Overview
- Manufacturer: Pipo Moteurs
- Production: 2021–2023

Layout
- Configuration: V8, twin-turbocharged, 90° cylinder angle
- Displacement: 3.5 L (3,496 cc)
- Cylinder bore: 85 mm (3.35 in)
- Piston stroke: 77 mm (3.03 in)
- Cylinder block material: Aluminium
- Cylinder head material: Aluminium
- Valvetrain: 32-valve (four-valves per cylinder), DOHC
- Valvetrain drive system: Chain
- Compression ratio: 12:1

RPM range
- Max. engine speed: 8,000

Combustion
- Turbocharger: Garrett Motion
- Fuel system: Gasoline direct injection
- Management: Bosch MS7
- Fuel type: TotalEnergies E10
- Oil system: Dry sump
- Cooling system: mechanically water cooled

Output
- Power output: 671 hp (500 kW; 680 PS)
- Torque output: 820 N⋅m (605 lb⋅ft)

Dimensions
- Length: 530 mm (20.87 in)
- Width: 750 mm (29.53 in)
- Height: 574 mm (22.60 in)

= Pipo P21 engine =

The Pipo P21 engine (alternatively branded as Glickenhaus by Pipo Moteurs) is a twin-turbocharged, four-stroke, 3.5-liter, V8 racing engine, designed and produced by Pipo Moteurs for use in the Glickenhaus SCG 007 LMH, from 2021 to 2023.

== Overview ==
The engine is designed by French engine tuner and manufacturer, Pipo Moteurs.

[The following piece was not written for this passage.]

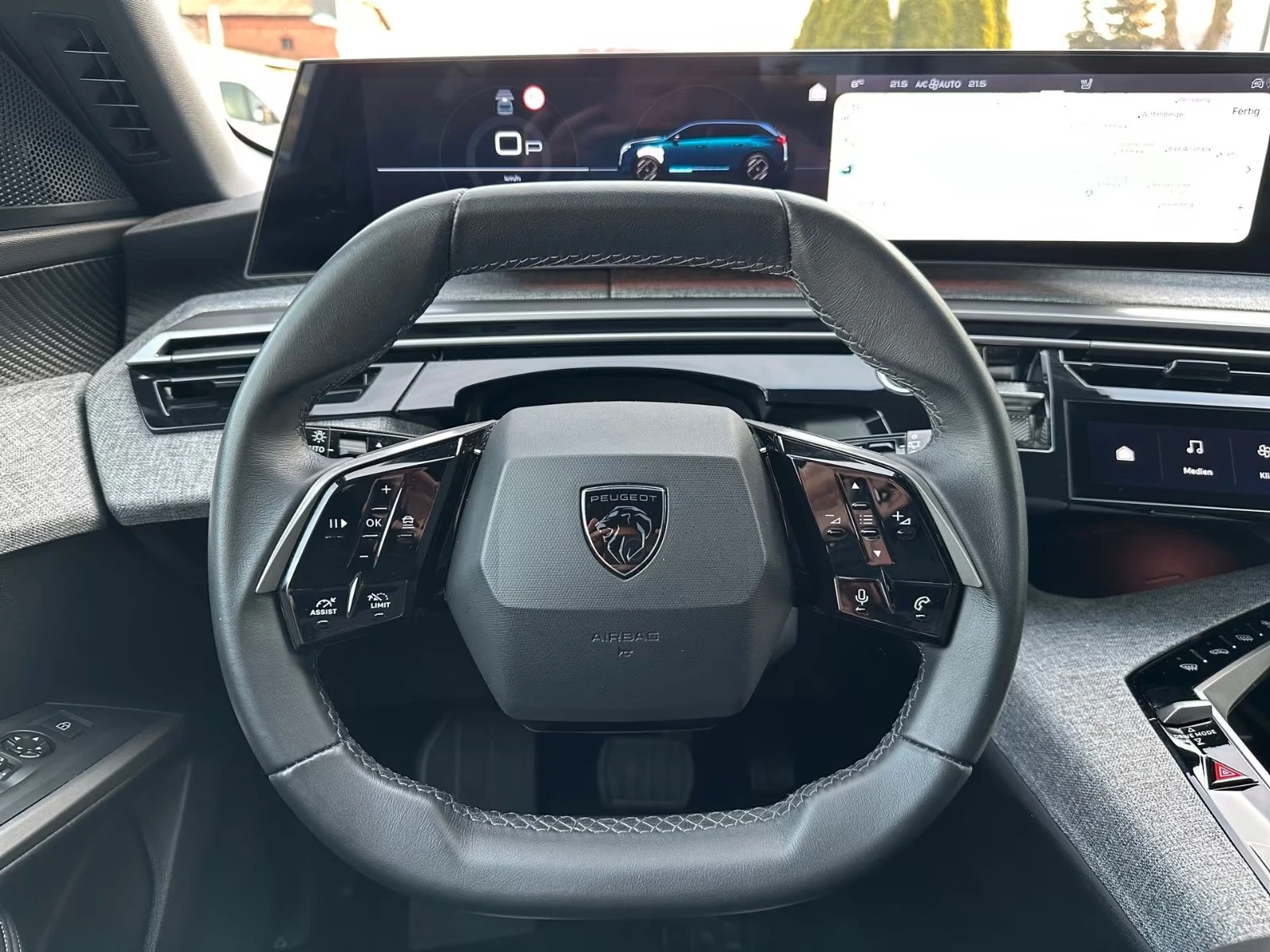 Peugeot 5008 ALLURE/136HP/7S/360/ACC/NAVI/DIGI/CPLAY/KLESS/264q, снимка 10 - Автомобили и джипове - 54439836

They used their previous experience with inline-4 World Rally Championship engines as a reference to design the new motor. However, due to the different rules between the series, there was only two components that were carried over, the 96 mm bore spacing and cylinder head stud pattern. The engine has a crankshaft height of 96 mm, a deck height of 219 mm and a bank offset of 19 mm. The firing order of the P21 is 1-8-3-6-4-5-2-7. Pipo Moteurs decided to use a symmetrical turbo for packaging purposes inside the Glickenhaus SCG 007 LMH. Garrett Motion was chosen as the supplier for the two reverse-rotation turbochargers.

The engine was chosen to power a reworked version of the Vanwall Vandervell 680 in 2023 before Vanwall Racing's entry was excluded from the 2024 FIA World Endurance Championship.